Mlambo had been taken to these properties by Bosasa employee, Richard Le Roux, the man who had overseen the security installations, dubbed “special projects”.

In addition, the commission heard from Gregory Lawrence, a former employee of Equal Trade, a company that allegedly helped supply Bosasa with hard cash for its bribe system.

Lawrence testified to how he had made several drops of around R500,000 to over R1-million at times at Bosasa’s Krugersdorp office.

This money, Lawrence testified, was generally cash (received in plastic bags or boxes) which he had been paid as a food and booze supplier to buyers in other African countries. Bosasa would then transfer the equivalent via EFT to the company.

Earlier testimony by Agrizzi had revealed how Bosasa used all sorts of crazy schemes to generate money for bribes.

Lawrence said he was at some point removed from the cash operation but told the commission that he had later, inadvertently, been sent an e-mail from someone at Bosasa containing documents that included “purchase orders” for items like “samp, rice, maize,” from Equal Trade.

When he asked his then boss, Greg Lacon-Allin of Equal Trade about this, Lawrence said he was told there had been another cash order.

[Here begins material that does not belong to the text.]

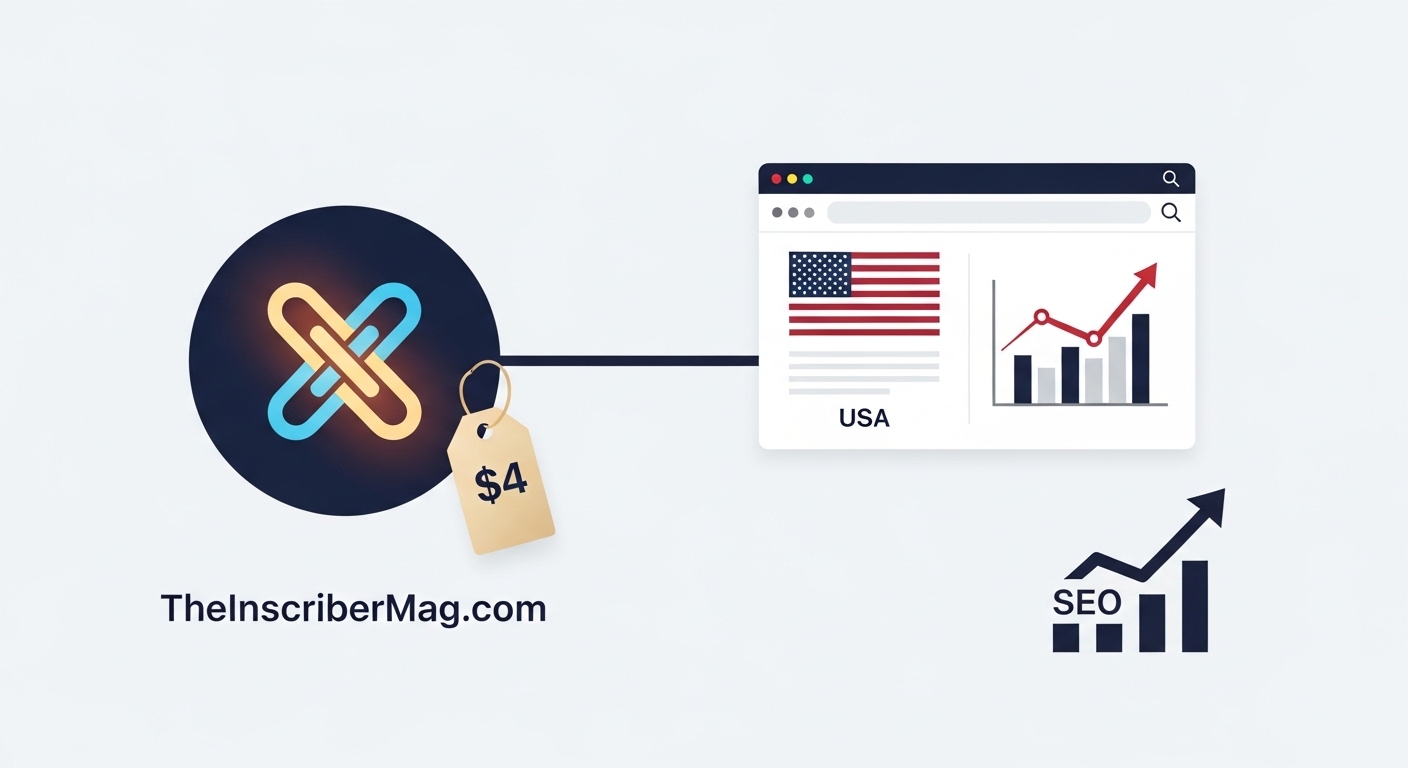 Dofollow Guest Post on TheInscriberMag.com for Just $4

*Current News24 Editor-in-Chief, Adriaan Basson, a journalist who has covered the Bosasa story for more than a decade, was a surprise witness at the state capture inquiry on Tuesday morning. Basson testified about various threats he received from people allegedly associated with Bosasa – including a media consultant, Benedicta Dube – who had called him once for a nearly 20-minute long conversation in which she had warned him to back off the story.

In that conversation, Basson said, Dube rattled off a long list of names of family members and friends, their professions and addresses – information not generally publicly available.

The objective of that call, like with the others, was to intimidate him to stop writing about the company.